AIM OF THE TASK: Transcribe the data exactly, pictures excluded.

THE DATA:

- Opening Delimiter -

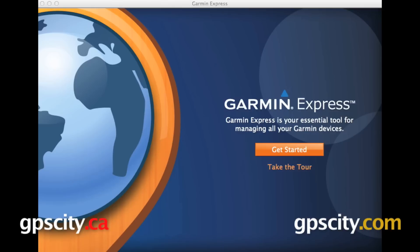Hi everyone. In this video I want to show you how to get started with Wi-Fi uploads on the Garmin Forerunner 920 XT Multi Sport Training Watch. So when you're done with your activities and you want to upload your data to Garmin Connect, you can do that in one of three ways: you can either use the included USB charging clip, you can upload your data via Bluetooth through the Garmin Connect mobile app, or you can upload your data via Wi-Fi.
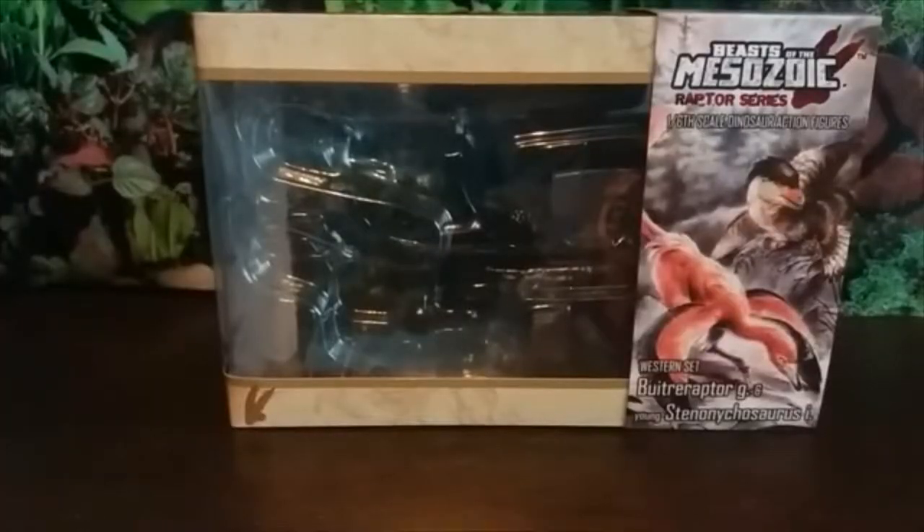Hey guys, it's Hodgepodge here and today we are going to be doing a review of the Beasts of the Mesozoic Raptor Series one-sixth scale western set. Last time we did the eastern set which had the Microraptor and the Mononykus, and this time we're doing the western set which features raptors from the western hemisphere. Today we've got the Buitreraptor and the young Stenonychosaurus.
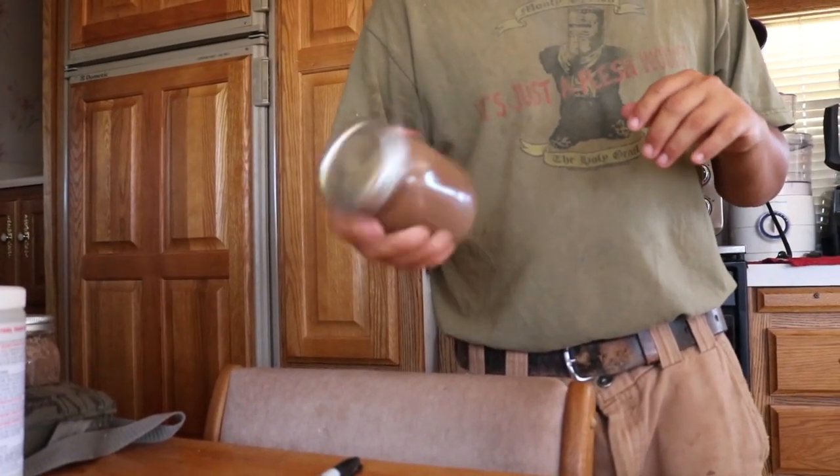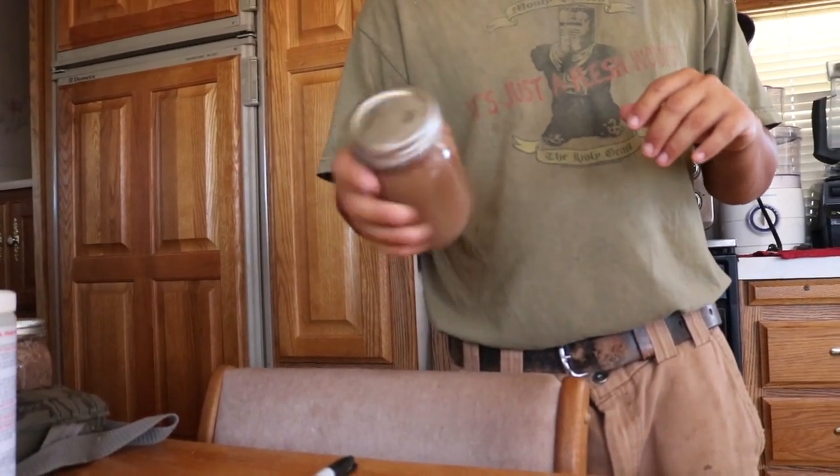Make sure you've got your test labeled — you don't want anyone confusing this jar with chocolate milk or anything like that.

- Closing Delimiter -

RESPONSE AREA:
Hi everyone. In this video I want to show you how to get started with Wi-Fi uploads on the Garmin Forerunner 920 XT Multi Sport Training Watch. So when you're done with your activities and you want to upload your data to Garmin Connect, you can do that in one of three ways: you can either use the included USB charging clip, you can upload your data via Bluetooth through the Garmin Connect mobile app, or you can upload your data via Wi-Fi.
Hey guys, it's Hodgepodge here and today we are going to be doing a review of the Beasts of the Mesozoic Raptor Series one-sixth scale western set. Last time we did the eastern set which had the Microraptor and the Mononykus, and this time we're doing the western set which features raptors from the western hemisphere. Today we've got the Buitreraptor and the young Stenonychosaurus.
Make sure you've got your test labeled — you don't want anyone confusing this jar with chocolate milk or anything like that.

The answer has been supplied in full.